(SUPPLIED DATA begins)
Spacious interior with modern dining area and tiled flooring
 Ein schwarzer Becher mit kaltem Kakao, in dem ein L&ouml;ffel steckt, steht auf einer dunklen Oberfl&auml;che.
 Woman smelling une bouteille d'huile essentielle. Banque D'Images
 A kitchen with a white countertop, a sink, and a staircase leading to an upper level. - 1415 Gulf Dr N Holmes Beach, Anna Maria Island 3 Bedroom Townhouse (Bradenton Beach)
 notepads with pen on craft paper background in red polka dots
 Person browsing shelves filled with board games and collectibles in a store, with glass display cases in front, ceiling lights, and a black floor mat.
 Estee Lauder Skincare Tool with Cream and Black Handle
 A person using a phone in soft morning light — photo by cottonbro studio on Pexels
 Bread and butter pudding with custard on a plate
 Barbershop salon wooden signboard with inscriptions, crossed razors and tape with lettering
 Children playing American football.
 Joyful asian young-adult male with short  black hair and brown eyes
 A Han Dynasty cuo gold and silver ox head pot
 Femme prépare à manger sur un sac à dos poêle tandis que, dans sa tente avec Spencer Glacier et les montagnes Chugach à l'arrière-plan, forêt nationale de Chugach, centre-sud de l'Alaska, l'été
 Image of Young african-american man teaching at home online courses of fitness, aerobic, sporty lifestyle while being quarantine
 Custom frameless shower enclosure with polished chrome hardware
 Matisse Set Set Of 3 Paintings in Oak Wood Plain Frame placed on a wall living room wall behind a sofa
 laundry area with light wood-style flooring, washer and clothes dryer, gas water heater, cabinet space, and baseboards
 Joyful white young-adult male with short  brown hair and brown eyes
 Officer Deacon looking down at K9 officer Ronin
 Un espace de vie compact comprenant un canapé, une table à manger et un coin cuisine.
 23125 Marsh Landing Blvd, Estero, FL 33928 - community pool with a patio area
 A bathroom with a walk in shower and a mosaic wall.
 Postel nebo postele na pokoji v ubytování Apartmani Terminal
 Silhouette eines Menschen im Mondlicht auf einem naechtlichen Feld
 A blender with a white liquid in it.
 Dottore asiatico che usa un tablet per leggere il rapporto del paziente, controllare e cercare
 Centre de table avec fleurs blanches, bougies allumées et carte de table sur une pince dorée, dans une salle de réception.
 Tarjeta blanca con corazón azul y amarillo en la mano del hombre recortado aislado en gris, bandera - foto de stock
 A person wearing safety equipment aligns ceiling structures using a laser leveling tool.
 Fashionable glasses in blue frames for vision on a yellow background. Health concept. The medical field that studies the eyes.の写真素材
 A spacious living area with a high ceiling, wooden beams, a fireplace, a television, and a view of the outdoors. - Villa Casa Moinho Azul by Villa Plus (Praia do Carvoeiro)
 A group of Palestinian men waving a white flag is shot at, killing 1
(SUPPLIED DATA ends)
Reprint exactly the lines above that start at the one with "A person wearing" and end at the one with "Fashionable glasses in", keeping both and adding none.

## FINISHED TASK
 A person wearing safety equipment aligns ceiling structures using a laser leveling tool.
 Fashionable glasses in blue frames for vision on a yellow background. Health concept. The medical field that studies the eyes.の写真素材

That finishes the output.